Reflexão: No conjunto das cinco principais ligas europeias, a Serie A é frequentemente associada à monotonia e rigidez tática da maioria dos seus clubes. Outrora em abundância na liga italiana, as principais referências à escala planetária transferiram-se, ao longo dos últimos anos, para países mais rendíveis em termos económicos e desportivos. Naturalmente, essa mudança acarretou uma quebra abrupta da qualidade de jogo e, consequentemente, das assistências e receitas originadas. De resto, causas que arrastaram determinados clubes históricos para situações de falta de liquidez económica. Porém, há sempre uma exceção que confirma a regra.
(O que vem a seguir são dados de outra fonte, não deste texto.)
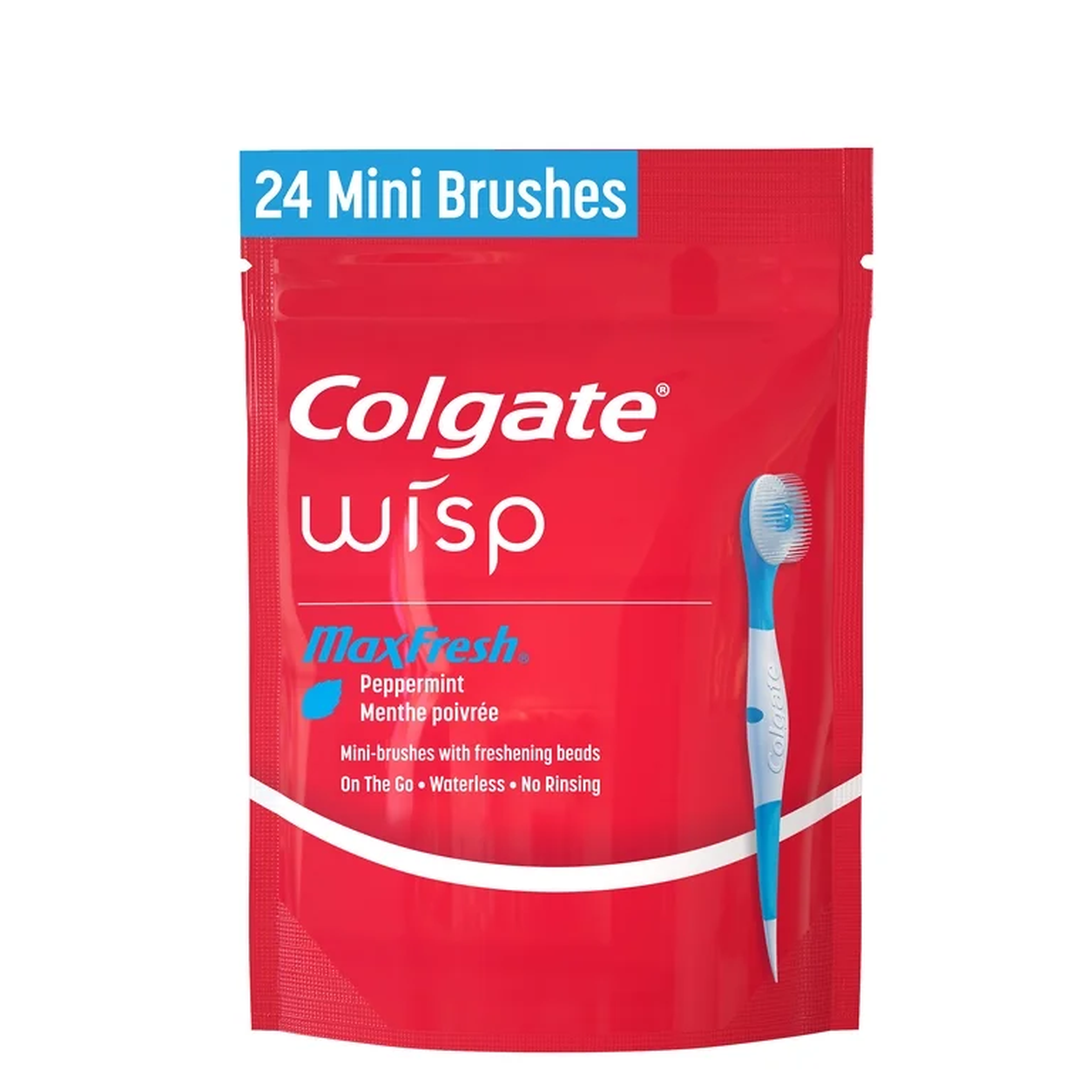 Colgate Max Fresh Wisp Travel Toothbrushes- Peppermint x24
A AS Roma foi fundada em pleno verão de 1927. As suas cores - o amarelo e o vermelho - reconheciam-se nas da bandeira do Capitólio. Um aspeto justificativo da grande massa adepta que desde sempre acompanhou o clube, transformando-o num dos mais conceituados do futebol transalpino. Efetivamente, dados recentes apontam a AS Roma como a quinta formação italiana mais seguida, imediatamente atrás de Juventus FC, AC Milan, FC Internazionale Milano e SSC Napoli. No entanto, o símbolo da "Cidade Eterna", a par da SS Lazio, não apresenta um palmarés tão recheado como o dos clubes supracitados. Três campeonatos, nove taças, uma taça da liga e duas supertaças perfazem um total de quinze títulos, quase todos conquistados no presente século. Mesmo assim, a AS Roma tem uma posição cada vez mais consolidada a nível europeu e mundial.
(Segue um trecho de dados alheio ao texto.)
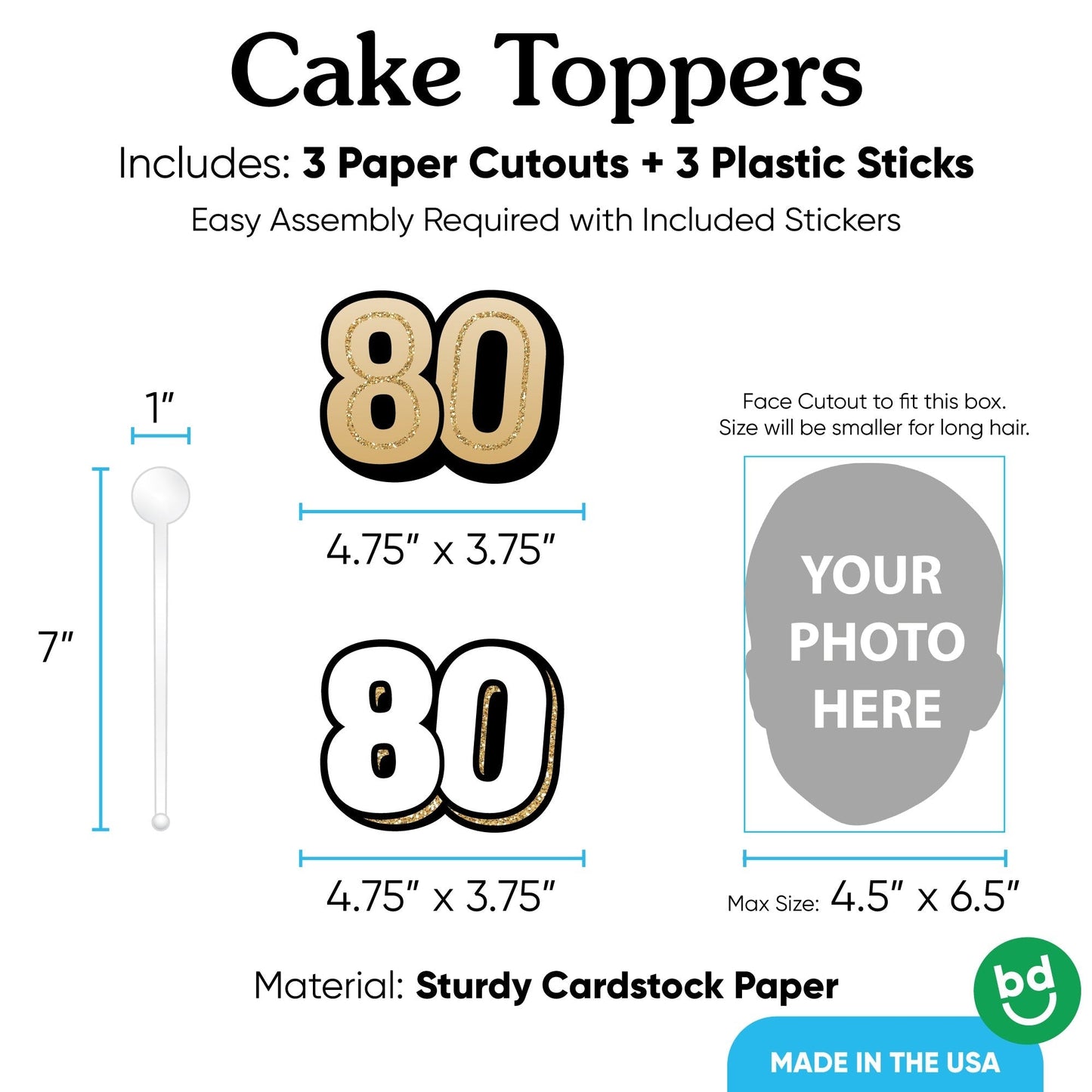 Custom Photo 80th Birthday Cake Topper - 3 Pc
Em 2011, Thomas DiBenedetto adquiriu o clube à família Sensi, no sentido de o aproximar mais vincadamente do sucesso. No entanto, o clube conseguiu apenas um sétimo e um sexto lugares, para além de inúmeras contratações e mudanças de comando técnico, nas duas primeiras épocas subsequentes à sua constituição enquanto propriedade norte-americana. A temporada 2013/14 assumia, portanto contornos praticamente decisivos para atestar a validade do projeto implementado pelo empresário ítalo-americano. Rudi Garcia, responsável pela dobradinha do Lille OSC em 2010/11, foi o homem que conduziu os romanos ao segundo lugar no campeonato, qualificando-os diretamente para a fase de grupos da UEFA Champions League. Mas o presente exercício não tem agradado aos seguidores giallorossi, que se arrasta de forma intrigante em campo.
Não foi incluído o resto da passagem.